Review: Hell on Wheels: The Complete Third Season DVD
There's a semi-serious point here. American history is pretty sexy, and its TV knows it. The odd movie about the Civil War or the first black guy who was allowed to play golf is all well and good for a quick bit of time-travel, but if you want to steep an audience in a time and place, and maybe even teach them something about it, the telly's the place for it. Hands up who knows far more about Prohibition through Boardwalk Empire than they ever knew before.
Hell on Wheels, now into its fourth season in the States and with its third out here on DVD, mines this fact for all it's worth. What could've been a dry exploration of how a load of track was laid is instead a well-mounted character drama using the Great Plains as its backdrop to impressive effect.
Our guy is Cullen Bohannon, played by Anson Mount, best known as the bloke out of the Britney Spears movie Cross Roads. (Which also featured Pennsatucky from Orange is the New Black, I discovered while procrastinating.) While the first two seasons dealt with his getting revenge on the Union soldiers who killed his family during the Civil War, now he's setting about making himself Chief Engineer of Union Pacific Railroad. Why? Because the dude just loves to lay him some track, that's why.

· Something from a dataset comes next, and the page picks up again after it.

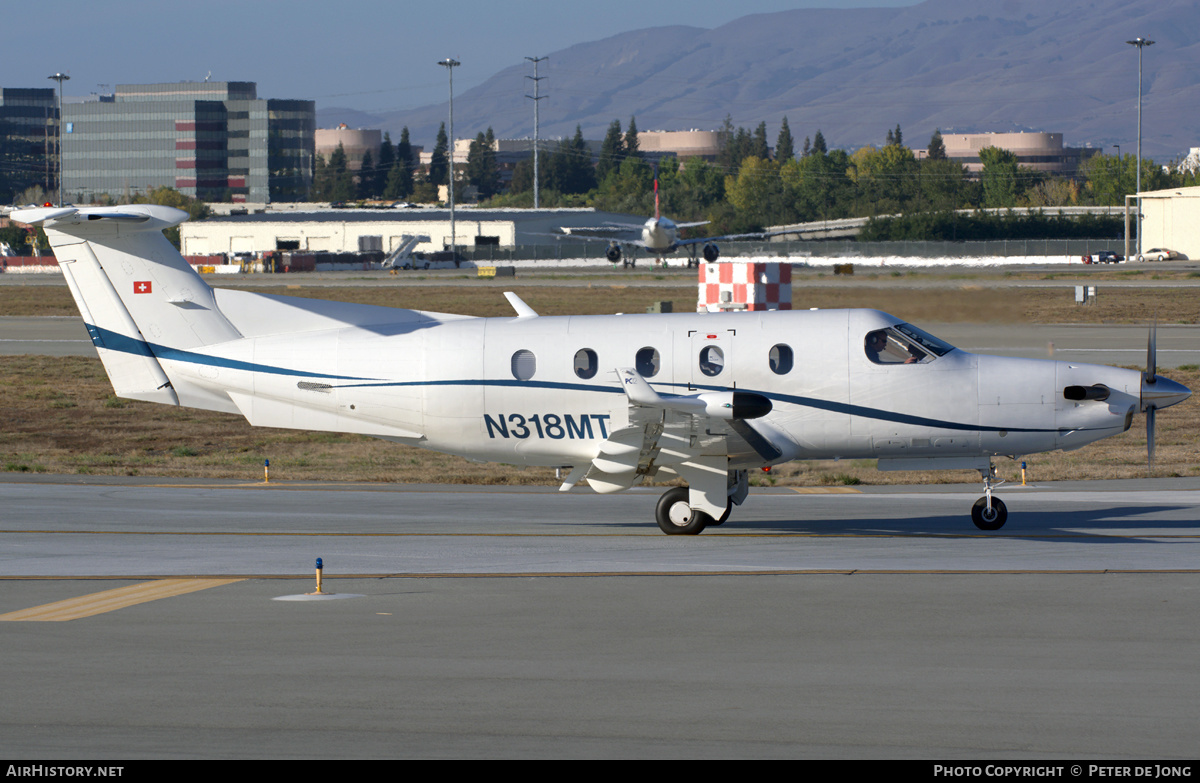 Aircraft Photo of N318MT | Pilatus PC-12/45 | AirHistory.net #337655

Building a railroad is trickier than you'd think. Someone's always got their house in the way and refuses to move, or a prostitute's baby is kidnapped and needs rescuing. Wealthy investor Thomas Durant (Colm Meaney) isnt Cullen's biggest fan and keeps trying to bring him down. Cullen also shoots a horse because it looked at him funny.

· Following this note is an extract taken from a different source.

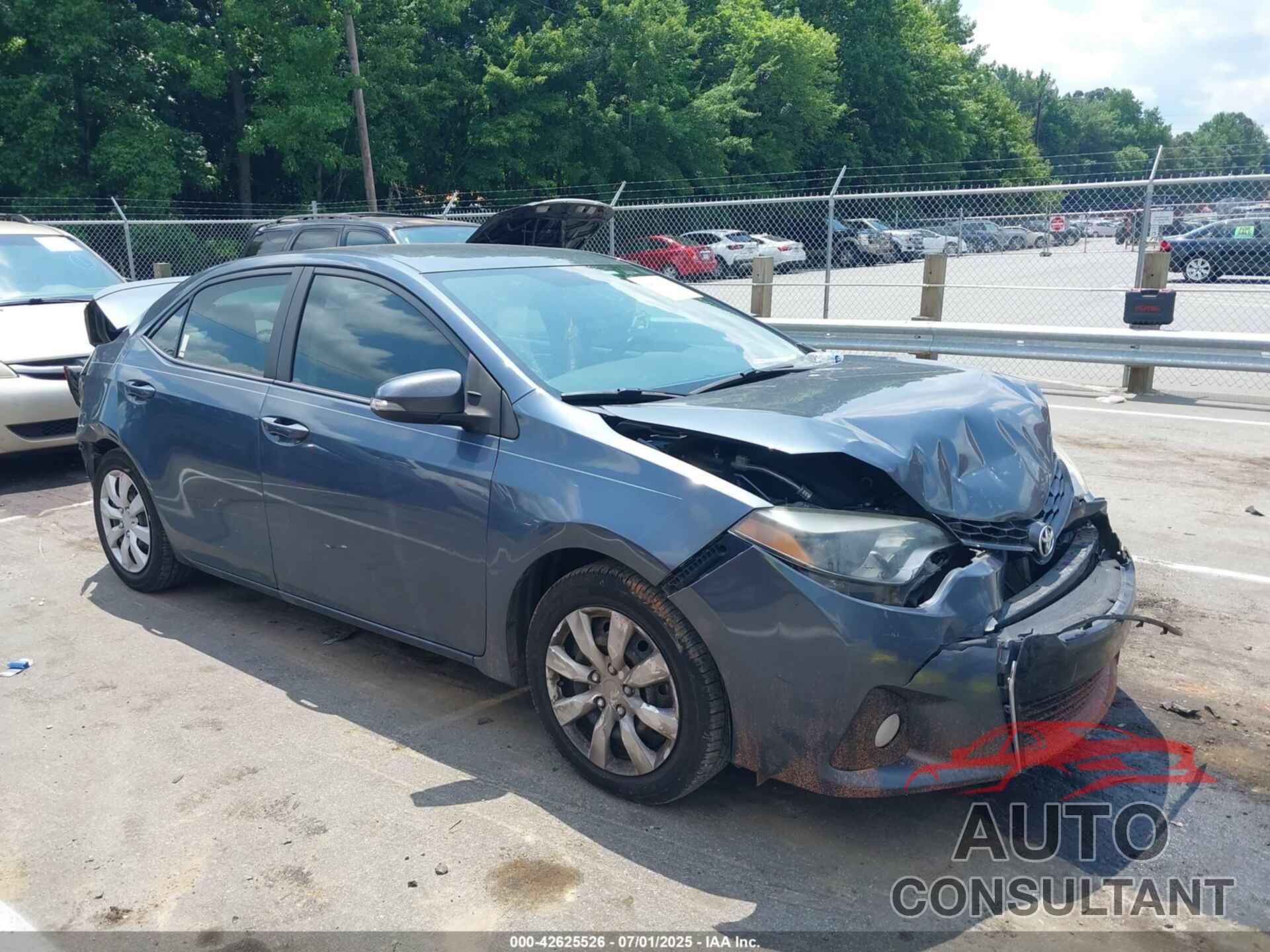 TOYOTA COROLLA 2014 - 2T1BURHE2EC117299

There is a sense of chaos about it. By definition the location doesn't stand still, but Cullen is an effective enough focal point because of his singular purpose, allowing a lot to go on around him while we're anchored to his simple compulsion to get the dang thang built. So he and his head of security Elam Ferguson (Common) can head off to an Indian reservation and end up playing a violent version of lacrosse for their lives, then back to Hell on Wheels to find the main story still going on. Or we can visit the Swede, a weird loner whose family is dead, becoming obsessed with a Mormon family who take him in. (This in particular is a brilliant subplot, operating entirely outside the main storyline.)
As historical document what it really conveys is the conflict between the North and South in the years after the Civil War; you can see its parallels to this day. Journalist Louise Ellison from the New York Tribune is a constant presence, threatening Cullen's livelihood by reporting what goes on in Hell on Wheels, which tends to be a lot of drinkin', whorin' and murderin' when they're not buildin'. The idea is made plain through Cullen's responses to her questions: she's a city type from the North, and neither she nor her readers understand what it takes to get things done in the South: a little backsliding here and there, but a strong work ethic and an underlying decency. As decent as you can be having just shot a horse, anyway.